• What you need to do:
Look for the line that has "Thanks Wave Edge" in the material below; please repeat it and every line after it, exactly, up to and including the line that has "Cropped image of a male boxer", and nothing else.

• Information supplied:
□ □ □ □ □

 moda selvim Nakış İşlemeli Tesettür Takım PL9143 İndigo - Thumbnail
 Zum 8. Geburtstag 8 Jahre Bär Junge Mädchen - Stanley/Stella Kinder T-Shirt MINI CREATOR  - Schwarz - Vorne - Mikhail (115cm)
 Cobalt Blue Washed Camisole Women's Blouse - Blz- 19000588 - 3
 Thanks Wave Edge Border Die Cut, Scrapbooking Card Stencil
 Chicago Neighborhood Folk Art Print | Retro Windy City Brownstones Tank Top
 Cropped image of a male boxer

□ □ □ □ □

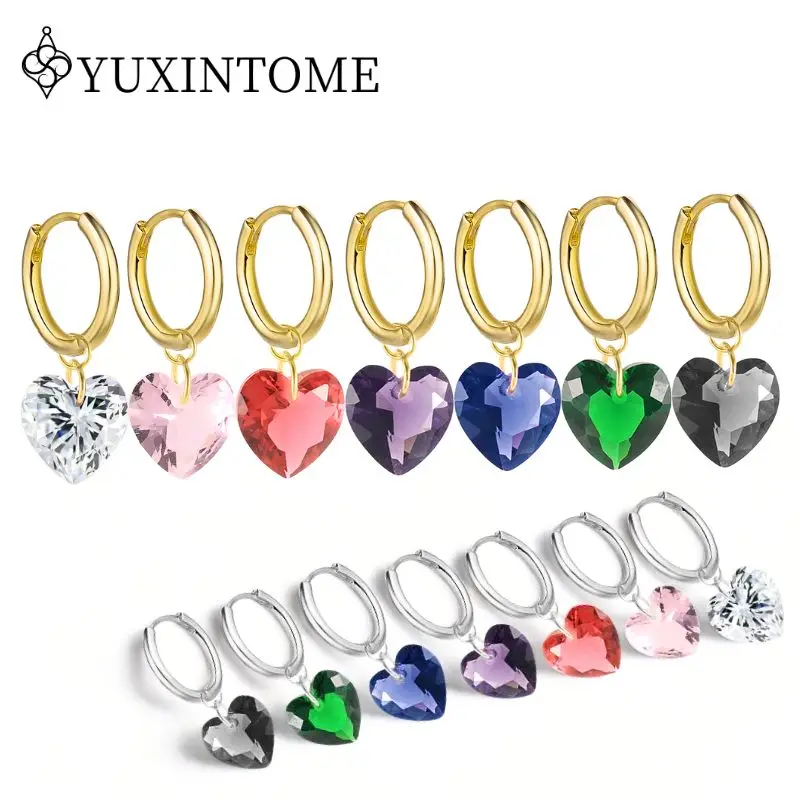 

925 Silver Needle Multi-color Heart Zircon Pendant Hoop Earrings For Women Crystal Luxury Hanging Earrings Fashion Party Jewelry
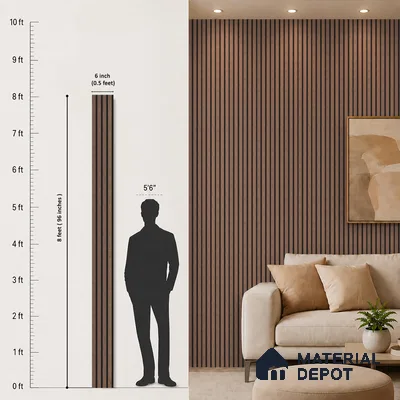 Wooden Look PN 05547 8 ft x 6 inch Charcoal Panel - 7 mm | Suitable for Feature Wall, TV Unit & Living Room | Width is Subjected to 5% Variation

□ □ □ □ □

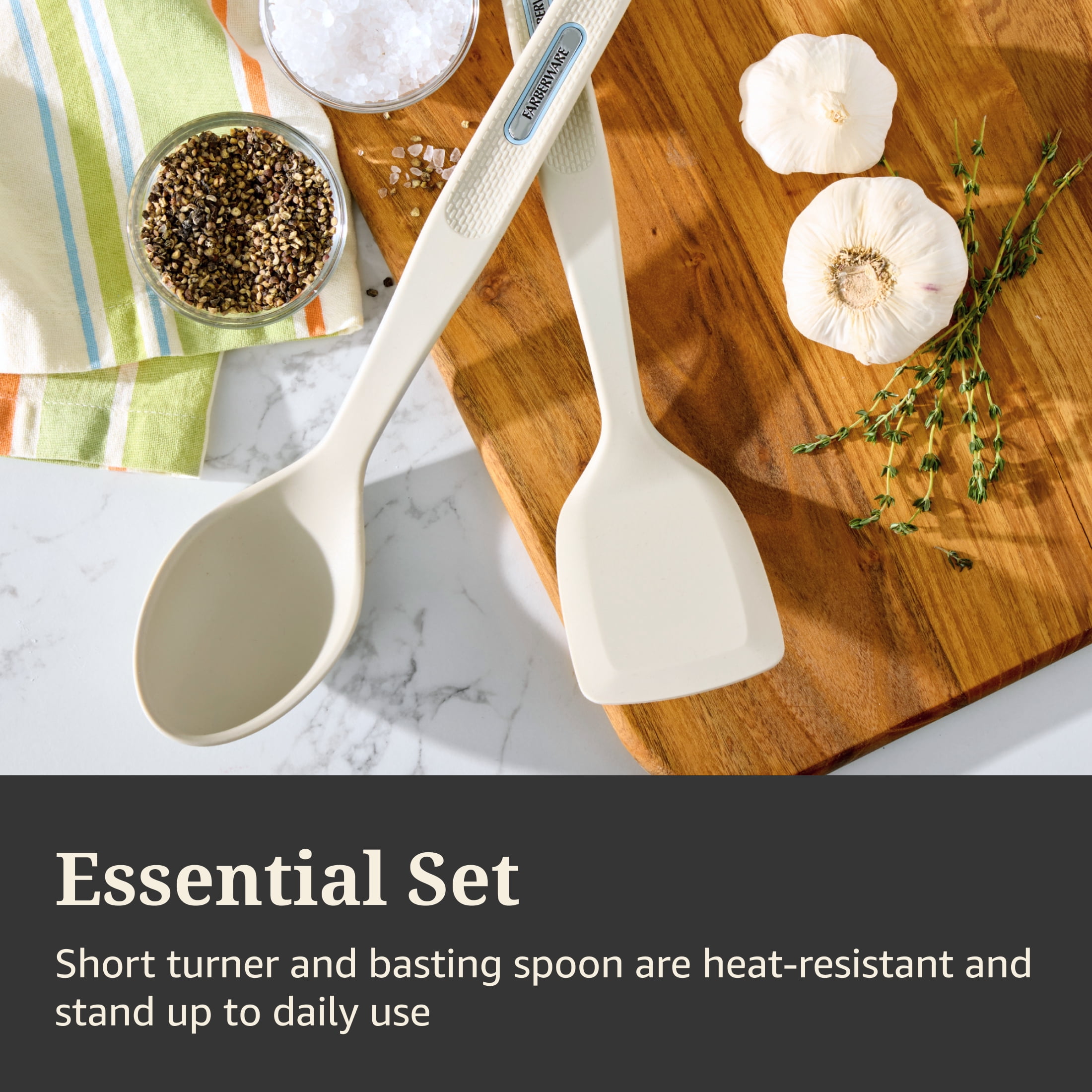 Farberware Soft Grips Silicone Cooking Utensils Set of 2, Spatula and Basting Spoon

□ □ □ □ □

• Reply to the task:
 Thanks Wave Edge Border Die Cut, Scrapbooking Card Stencil
 Chicago Neighborhood Folk Art Print | Retro Windy City Brownstones Tank Top
 Cropped image of a male boxer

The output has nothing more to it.